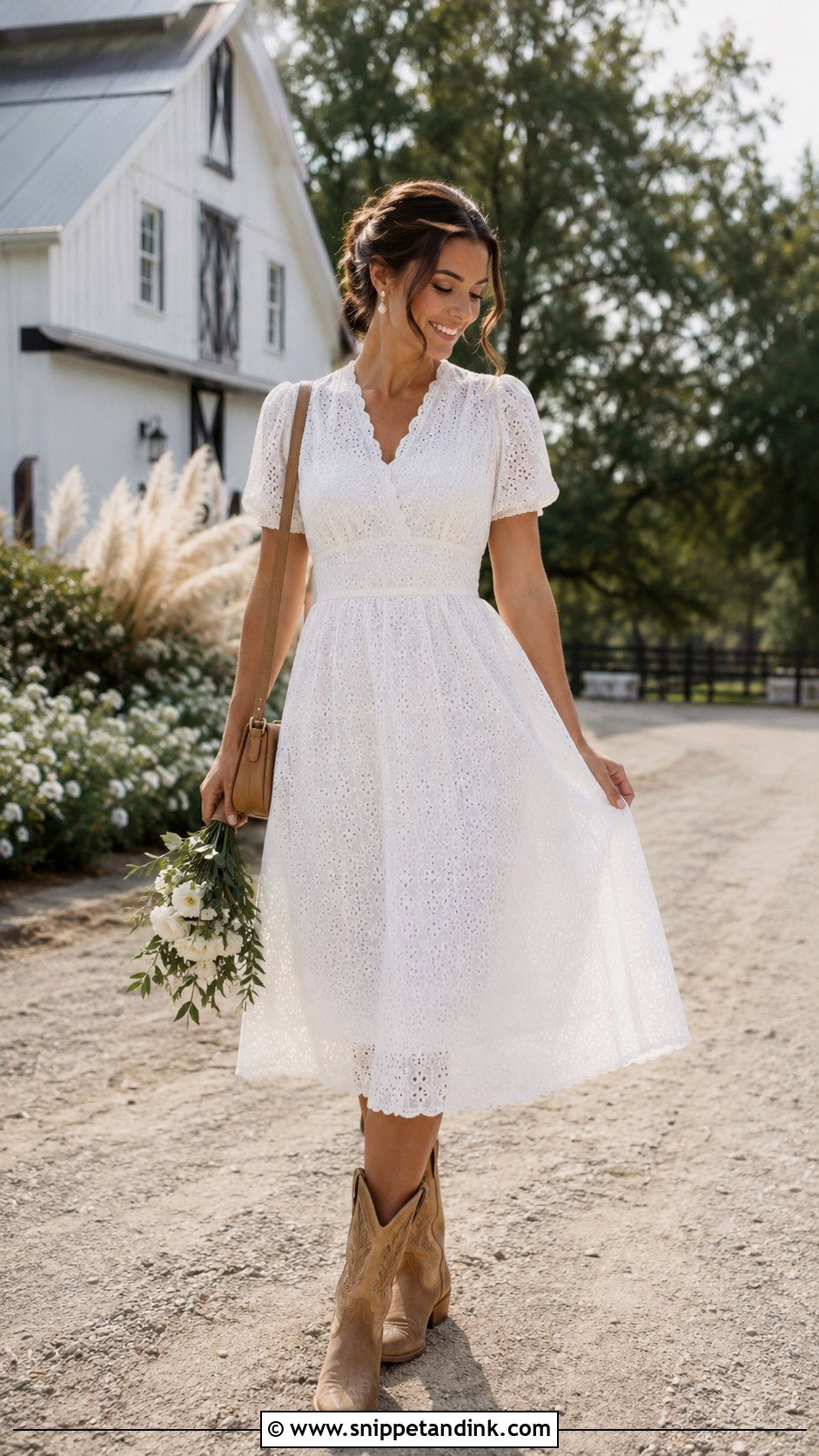 White Midi Dress And Cowboy Boots Rehearsal Outfit - Snippet and Ink - 20 Dress Rehearsal Outfit the Bride Ideas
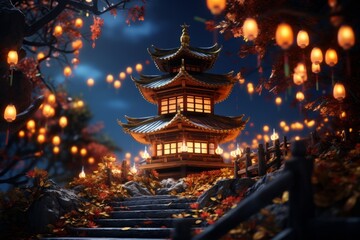 A beautifully lit small pagoda surrounded by lanterns at night. The pagoda is a traditional Chinese building that is often used as a place of worship especially during festivals. - obrazy, fototapety, plakaty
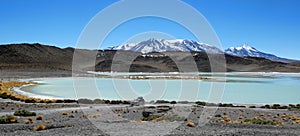 Laguna Verde is a salt lake, in the southwestern Altiplano in Bolivia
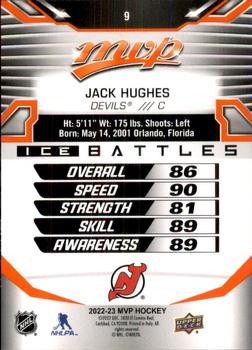 2022-23 Upper Deck MVP - Ice Battles #9 Jack Hughes Back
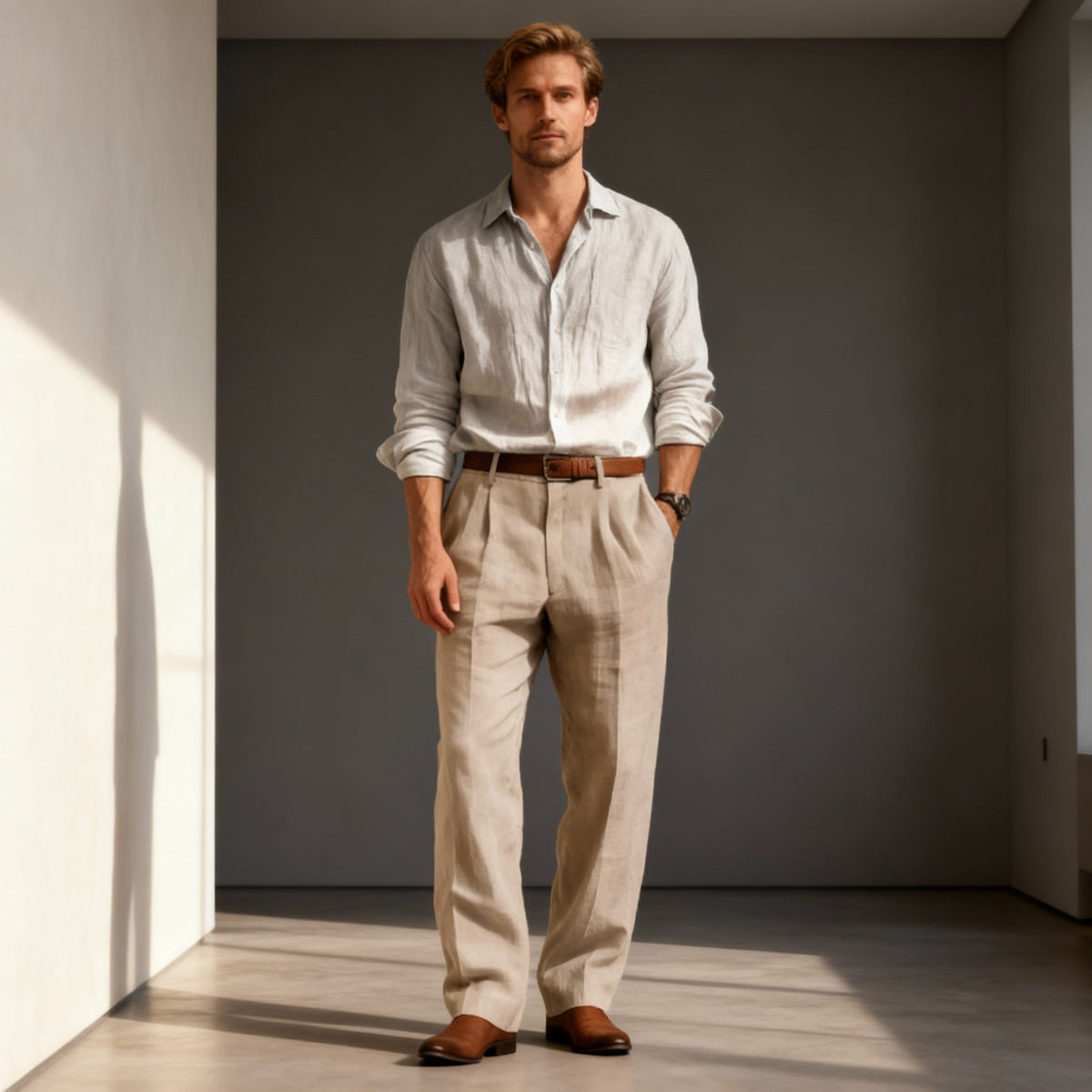 Gaétan | Pantalon Lin Coupe Droite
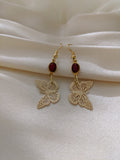 Red butterfly drop earrings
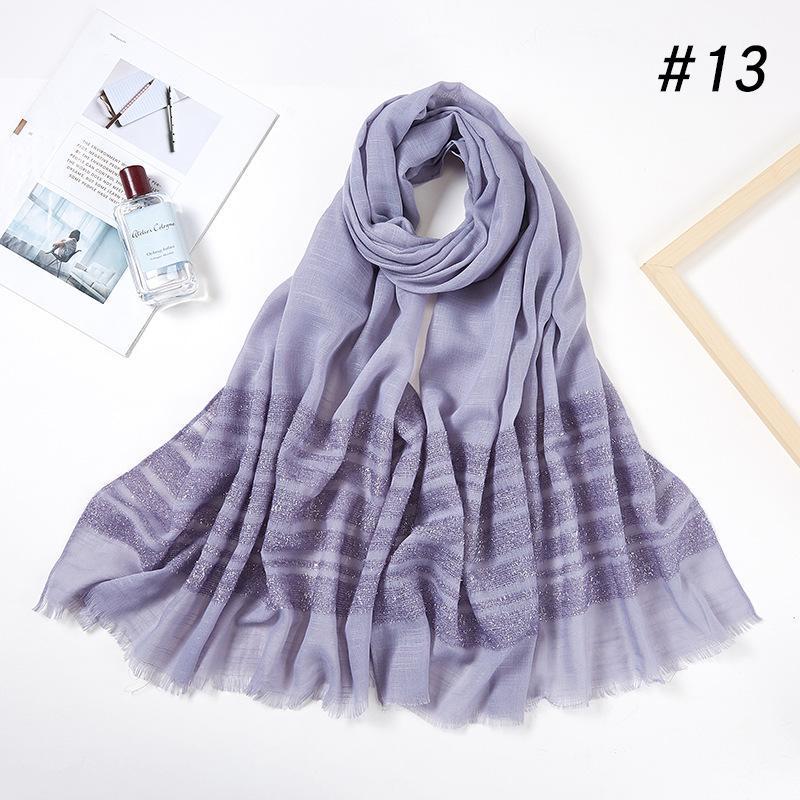 

Scarves 2021 Fashion Autumn Cotton Plain Lurex Shawls Long Muslim Solid Color Wrap Scarf Hijab Muffler 13, Blue;gray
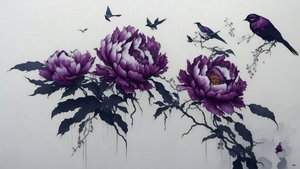 inkt schilderij: Pioen in diep paars 01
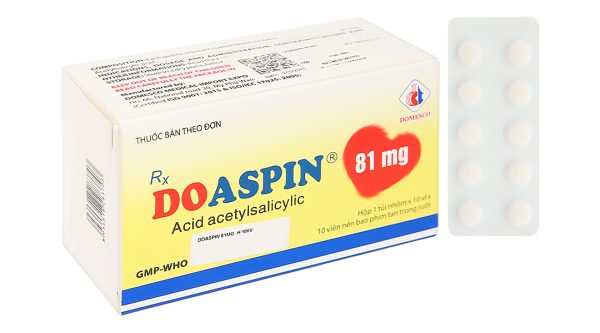 Doaspin 81mg phòng huyết khối tim mạch và não (10 vỉ x 10 viên)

• • • •

**How to complete this task**
The records are to be duplicated in full and exactly, with images left out.

**Result**
 White Midi Dress And Cowboy Boots Rehearsal Outfit - Snippet and Ink - 20 Dress Rehearsal Outfit the Bride Ideas
 A beautifully lit small pagoda surrounded by lanterns at night. The pagoda is a traditional Chinese building that is often used as a place of worship especially during festivals. - obrazy, fototapety, plakaty
 Laguna Verde is a salt lake, in the southwestern Altiplano in Bolivia
 2022-23 Upper Deck MVP - Ice Battles #9 Jack Hughes Back
 Gaétan | Pantalon Lin Coupe Droite
 Red butterfly drop earrings

Scarves 2021 Fashion Autumn Cotton Plain Lurex Shawls Long Muslim Solid Color Wrap Scarf Hijab Muffler 13, Blue;gray
 inkt schilderij: Pioen in diep paars 01
 Doaspin 81mg phòng huyết khối tim mạch và não (10 vỉ x 10 viên)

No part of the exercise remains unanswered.